Exercise directions:
Nothing but the exact lines from the one containing "Juego magia niños" through the last line of the records below belongs in your answer.

◇ ◇ ◇ ◇

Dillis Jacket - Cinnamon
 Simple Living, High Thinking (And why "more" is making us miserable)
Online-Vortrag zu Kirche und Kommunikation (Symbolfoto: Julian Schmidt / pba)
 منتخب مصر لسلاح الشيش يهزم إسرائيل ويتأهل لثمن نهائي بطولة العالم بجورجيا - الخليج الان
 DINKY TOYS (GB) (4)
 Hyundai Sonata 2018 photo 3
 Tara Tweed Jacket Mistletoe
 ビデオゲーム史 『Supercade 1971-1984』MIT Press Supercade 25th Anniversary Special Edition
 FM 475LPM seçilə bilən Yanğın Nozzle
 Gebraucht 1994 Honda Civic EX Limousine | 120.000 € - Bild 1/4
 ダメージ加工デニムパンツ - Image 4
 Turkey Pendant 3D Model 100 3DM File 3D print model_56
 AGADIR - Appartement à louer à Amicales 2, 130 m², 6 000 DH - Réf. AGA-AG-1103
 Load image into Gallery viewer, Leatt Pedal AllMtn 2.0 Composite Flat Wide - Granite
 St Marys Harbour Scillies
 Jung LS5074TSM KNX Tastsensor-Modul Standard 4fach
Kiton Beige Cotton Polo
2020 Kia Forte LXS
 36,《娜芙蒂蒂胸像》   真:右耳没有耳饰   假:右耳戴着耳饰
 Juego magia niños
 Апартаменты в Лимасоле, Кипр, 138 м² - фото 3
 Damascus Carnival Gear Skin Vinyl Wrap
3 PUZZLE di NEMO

◇ ◇ ◇ ◇

Result of this exercise:
 Juego magia niños
 Апартаменты в Лимасоле, Кипр, 138 м² - фото 3
 Damascus Carnival Gear Skin Vinyl Wrap
3 PUZZLE di NEMO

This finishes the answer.